» **PROMPT**:
The line containing "AECOJOY 3-Person Steel" and every line after it through the end of the records: return those exactly, and nothing more.

------------

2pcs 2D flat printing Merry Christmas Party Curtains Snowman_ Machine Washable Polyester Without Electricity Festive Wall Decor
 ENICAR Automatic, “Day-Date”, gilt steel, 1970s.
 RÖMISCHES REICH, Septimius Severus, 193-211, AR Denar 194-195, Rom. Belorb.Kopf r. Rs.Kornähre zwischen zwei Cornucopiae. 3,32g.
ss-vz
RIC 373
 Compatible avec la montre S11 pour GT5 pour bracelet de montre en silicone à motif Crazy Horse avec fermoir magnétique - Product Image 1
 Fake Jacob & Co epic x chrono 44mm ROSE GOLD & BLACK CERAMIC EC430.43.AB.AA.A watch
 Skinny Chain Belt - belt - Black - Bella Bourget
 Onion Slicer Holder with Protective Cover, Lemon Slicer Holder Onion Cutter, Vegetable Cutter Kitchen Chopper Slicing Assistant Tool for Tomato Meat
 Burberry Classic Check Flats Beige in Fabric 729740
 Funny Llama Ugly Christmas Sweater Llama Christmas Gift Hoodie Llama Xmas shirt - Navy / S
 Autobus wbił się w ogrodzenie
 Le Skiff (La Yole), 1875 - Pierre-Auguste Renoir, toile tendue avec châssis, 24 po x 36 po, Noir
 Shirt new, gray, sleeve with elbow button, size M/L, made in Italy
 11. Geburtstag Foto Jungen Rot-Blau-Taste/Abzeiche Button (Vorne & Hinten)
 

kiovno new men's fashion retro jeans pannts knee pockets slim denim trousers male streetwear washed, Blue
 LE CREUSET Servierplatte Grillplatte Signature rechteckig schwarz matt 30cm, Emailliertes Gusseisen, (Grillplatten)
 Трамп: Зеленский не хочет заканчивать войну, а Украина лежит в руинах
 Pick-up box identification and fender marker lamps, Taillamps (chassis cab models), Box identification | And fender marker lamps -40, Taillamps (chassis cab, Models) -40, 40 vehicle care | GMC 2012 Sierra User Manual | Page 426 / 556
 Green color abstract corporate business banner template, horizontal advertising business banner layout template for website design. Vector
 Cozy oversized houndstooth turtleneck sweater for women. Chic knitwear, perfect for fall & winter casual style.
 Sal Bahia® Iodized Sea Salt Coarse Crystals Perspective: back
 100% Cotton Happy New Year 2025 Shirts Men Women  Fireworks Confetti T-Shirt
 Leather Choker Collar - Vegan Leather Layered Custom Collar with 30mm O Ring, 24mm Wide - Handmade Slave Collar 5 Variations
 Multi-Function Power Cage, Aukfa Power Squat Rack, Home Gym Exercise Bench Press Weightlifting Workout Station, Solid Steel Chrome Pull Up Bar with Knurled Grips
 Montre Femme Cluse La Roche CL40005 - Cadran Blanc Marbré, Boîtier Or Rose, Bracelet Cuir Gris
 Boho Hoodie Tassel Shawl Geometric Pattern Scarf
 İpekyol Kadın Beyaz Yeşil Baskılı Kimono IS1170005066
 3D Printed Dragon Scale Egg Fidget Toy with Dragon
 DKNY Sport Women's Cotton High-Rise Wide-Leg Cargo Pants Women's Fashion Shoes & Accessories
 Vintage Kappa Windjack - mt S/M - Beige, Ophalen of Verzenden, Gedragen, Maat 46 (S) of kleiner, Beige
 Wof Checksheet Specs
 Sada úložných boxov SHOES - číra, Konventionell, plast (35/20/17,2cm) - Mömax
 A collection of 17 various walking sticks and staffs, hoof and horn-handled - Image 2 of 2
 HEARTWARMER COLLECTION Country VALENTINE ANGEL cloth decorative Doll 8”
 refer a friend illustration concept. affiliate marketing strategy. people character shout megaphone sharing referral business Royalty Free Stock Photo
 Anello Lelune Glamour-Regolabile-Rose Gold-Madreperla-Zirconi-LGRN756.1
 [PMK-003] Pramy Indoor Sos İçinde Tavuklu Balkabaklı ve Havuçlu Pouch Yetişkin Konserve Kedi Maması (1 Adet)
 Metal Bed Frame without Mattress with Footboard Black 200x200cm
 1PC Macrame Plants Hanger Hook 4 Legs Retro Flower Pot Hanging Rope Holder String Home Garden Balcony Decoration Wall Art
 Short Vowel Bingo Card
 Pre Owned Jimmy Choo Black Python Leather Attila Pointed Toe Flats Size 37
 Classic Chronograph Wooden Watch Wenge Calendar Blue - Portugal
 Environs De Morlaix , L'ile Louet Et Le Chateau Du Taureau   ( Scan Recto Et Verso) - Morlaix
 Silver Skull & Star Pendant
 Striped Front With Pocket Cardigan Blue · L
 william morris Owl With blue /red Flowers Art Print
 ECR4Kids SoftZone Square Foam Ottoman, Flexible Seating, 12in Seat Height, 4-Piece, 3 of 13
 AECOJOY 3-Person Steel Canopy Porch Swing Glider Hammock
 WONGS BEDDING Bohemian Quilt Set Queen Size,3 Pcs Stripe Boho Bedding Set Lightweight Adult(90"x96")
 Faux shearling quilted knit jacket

------------

» **WRITTEN SOLUTION**:
 AECOJOY 3-Person Steel Canopy Porch Swing Glider Hammock
 WONGS BEDDING Bohemian Quilt Set Queen Size,3 Pcs Stripe Boho Bedding Set Lightweight Adult(90"x96")
 Faux shearling quilted knit jacket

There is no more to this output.